All six of Britain’s UCI Continental teams, highly ambitious and, in several cases, newly strengthened, will line-up against each other on British soil for the first time this season for race that, in a conscious echo of Paris-Roubaix (the race is billed as ‘the hell of the east’), contains numerous farm tracks and gravel roads, and is typically contested in notorious cross winds.

Defending champion, Zak Dempster, knows what it takes to win at Dengie. Racing last year in the colours of Rapha Condor Sharp, he soloed to victory after dropping a breakaway group in the final 10 miles. “That doesn’t happen very often, so you have to enjoy it when does,” he recalls.

RCS had split apart the race, attacking from the start, recording a one-two finish, and posting four riders in the top 10. This year could be different. Dempster and teammate Scott Thwaites will return to Essex in the green and black of Endura Racing, whose hugely impressive start to the season is perhaps typified by the white jersey of UCI EuropeTour leader resting on the shoulders of Jon Tiernan-Locke, another acquisition from the ranks of Rapha Condor Sharp, a team whose new focus on developing young talent in support of a core of senior riders will see them field a mix of youth and experience today.

“At the moment, as has been the case from the beginning, we’re interested in winning races,” says Dempster of his new team. “Everyone on the team wants to win and everyone will get their chance to do so. We will all contribute to each other’s seasons and share that success. I’m sure the guys at the Med [the Tour of the Mediterranean] were a part of helping JT take out both races [Tiernan-Locke also won the Tour du Haut Var]. It’s important we all work hard for each other.”

And what of Dempster’s own chances? “Pretty much every race I go to, I’m trying to win. I would love to win again on Sunday, but the most important thing is that one of the team wins.”

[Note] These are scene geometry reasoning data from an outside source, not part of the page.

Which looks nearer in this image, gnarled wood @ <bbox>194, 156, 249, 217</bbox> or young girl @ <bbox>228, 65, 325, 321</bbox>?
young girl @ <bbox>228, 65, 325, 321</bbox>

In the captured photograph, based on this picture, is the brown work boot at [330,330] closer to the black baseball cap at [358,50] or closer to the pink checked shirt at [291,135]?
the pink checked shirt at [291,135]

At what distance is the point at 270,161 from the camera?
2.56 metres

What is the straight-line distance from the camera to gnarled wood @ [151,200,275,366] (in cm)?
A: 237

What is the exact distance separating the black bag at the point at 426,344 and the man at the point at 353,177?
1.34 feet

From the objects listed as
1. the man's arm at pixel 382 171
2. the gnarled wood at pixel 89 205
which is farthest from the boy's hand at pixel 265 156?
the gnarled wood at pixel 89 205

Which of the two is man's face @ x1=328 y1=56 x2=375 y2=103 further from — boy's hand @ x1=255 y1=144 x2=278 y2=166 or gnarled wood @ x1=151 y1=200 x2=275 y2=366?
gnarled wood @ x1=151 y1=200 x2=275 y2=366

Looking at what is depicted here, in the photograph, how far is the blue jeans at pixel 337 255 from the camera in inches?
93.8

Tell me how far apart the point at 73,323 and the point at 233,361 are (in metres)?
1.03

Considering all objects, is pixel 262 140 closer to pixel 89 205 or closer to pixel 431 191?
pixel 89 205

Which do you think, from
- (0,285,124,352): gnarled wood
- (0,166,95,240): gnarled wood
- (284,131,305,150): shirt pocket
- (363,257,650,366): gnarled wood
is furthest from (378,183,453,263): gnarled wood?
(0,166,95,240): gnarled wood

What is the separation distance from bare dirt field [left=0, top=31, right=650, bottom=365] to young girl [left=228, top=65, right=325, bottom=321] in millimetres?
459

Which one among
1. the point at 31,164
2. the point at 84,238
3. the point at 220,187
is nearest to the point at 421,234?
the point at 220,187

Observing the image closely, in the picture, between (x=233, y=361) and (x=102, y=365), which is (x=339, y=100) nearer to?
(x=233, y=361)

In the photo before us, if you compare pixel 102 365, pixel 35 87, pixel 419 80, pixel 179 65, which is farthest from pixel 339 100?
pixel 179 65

Dempster says he is happy with his form and eager to take his first win of the season as soon as possible. A hard pre-season training camp focussed on “quite specific, race-style training” has been followed by a packed programme of early season races, the most recent of which saw him recover from an opening stage crash at the Settimana Internazionale Coppi e Bartali serious enough to require hospital treatment to contribute to the team’s second place on the third day’s team time trial. “I was taken to hospital for x-rays. I hit my head, but returned and rode strongly on the other stages. The stages were mountainous, which doesn’t really suit me that well. I was playing a supporting role for Paul Voss,” says Dempster. Such support helped Voss to record four top 10 finishes on his way to seventh overall.

Kristian House and Wouter Sybrandy attest to the emergence of a more Continental style of racing the British peloton of later. Dempster adds there is no difference in the level of effort required to win races in the UK and in Europe. “To win races in the UK you have to be on a level to win races in Europe,” he says. He cautions young riders against rushing to France or Belgium to “get their heads kicked in just for the sake of going abroad.” “The Premier Calendar is an important stepping stone for young guys coming through,” he adds.

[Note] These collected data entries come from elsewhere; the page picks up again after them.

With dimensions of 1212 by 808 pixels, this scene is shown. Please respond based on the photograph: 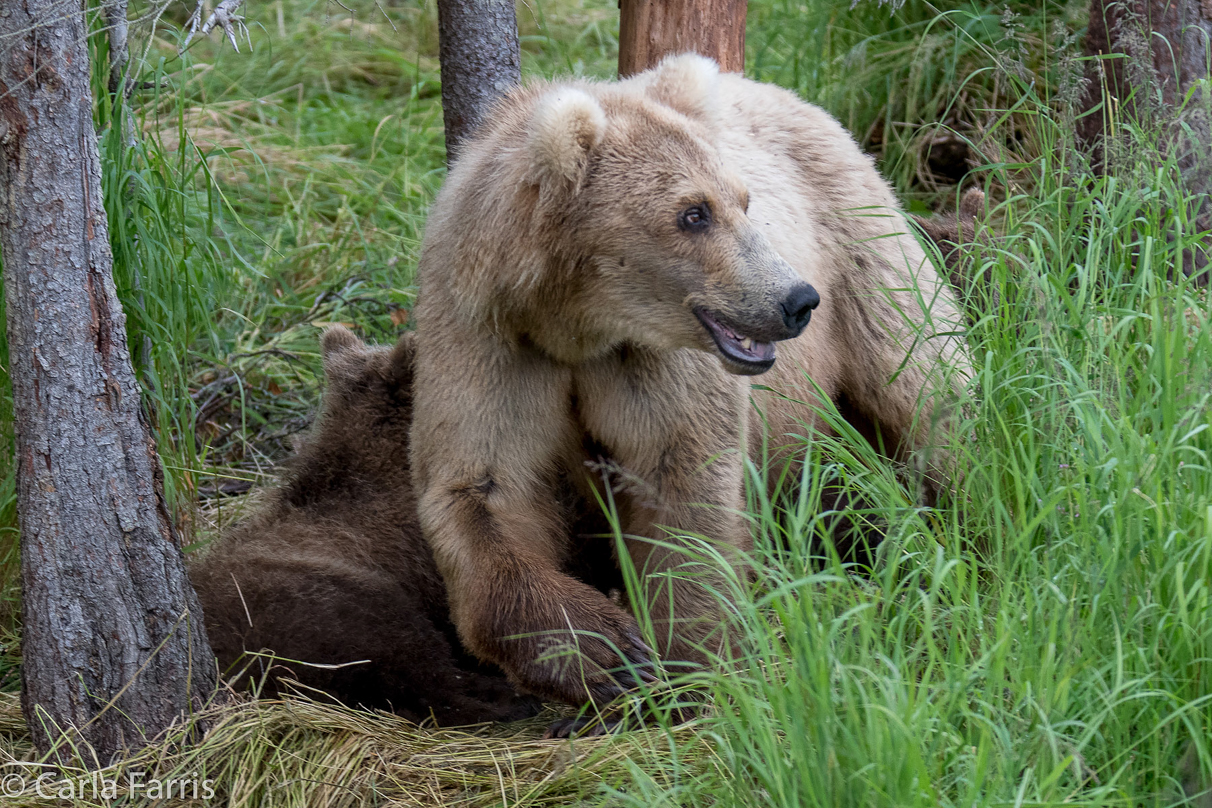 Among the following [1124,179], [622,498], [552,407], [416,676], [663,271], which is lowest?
[416,676]

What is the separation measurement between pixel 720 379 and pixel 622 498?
53 cm

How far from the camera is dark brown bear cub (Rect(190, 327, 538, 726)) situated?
3773mm

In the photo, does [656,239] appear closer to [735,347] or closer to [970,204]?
[735,347]

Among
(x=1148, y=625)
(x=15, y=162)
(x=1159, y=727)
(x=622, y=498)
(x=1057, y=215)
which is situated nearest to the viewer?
(x=1159, y=727)

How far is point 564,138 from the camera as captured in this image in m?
3.29

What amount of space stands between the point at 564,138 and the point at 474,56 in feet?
6.06

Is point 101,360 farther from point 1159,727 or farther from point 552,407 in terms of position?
point 1159,727

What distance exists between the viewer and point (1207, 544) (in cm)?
243

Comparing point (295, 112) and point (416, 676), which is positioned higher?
point (295, 112)

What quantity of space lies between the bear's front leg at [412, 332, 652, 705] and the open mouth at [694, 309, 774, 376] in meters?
Result: 0.53

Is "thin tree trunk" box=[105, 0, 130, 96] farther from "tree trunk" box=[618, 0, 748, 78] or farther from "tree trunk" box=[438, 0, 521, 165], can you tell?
"tree trunk" box=[618, 0, 748, 78]

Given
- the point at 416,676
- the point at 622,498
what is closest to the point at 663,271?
the point at 622,498

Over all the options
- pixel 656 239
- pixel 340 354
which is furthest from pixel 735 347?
pixel 340 354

“Endura, Rapha, Raleigh are all coming back to the UK to win races because of the prestige of the Premier Calendar and the exposure that’s so important to the sponsors.”

Dempster acknowledges the increased risk of accidents and mechanicals posed by the additional dirt road sections, but, citing cross winds as a more significant factor in shaping last year’s race, denies that fortune will decide the outcome of today’s race. “You will see that in Europe, the Tour of Flanders and Paris-Roubaix being the two biggest, there is a plethora of races that depend to an extent on luck, but a big part of it is how aggressively you race. It’s important that if you crash or puncture, you don’t count yourself out,” he says.

Few will discount the defending champion from today’s proceedings. Dempster followed his victory in Dengie last year by winning the East Midlands Cycle Classic a week later, and two weeks after that adding the Tour Doon Hame to his palmares. Hungry to open his account for his new team, one that has started 2012 in emphatic style, Dempster can be counted on to give everything today.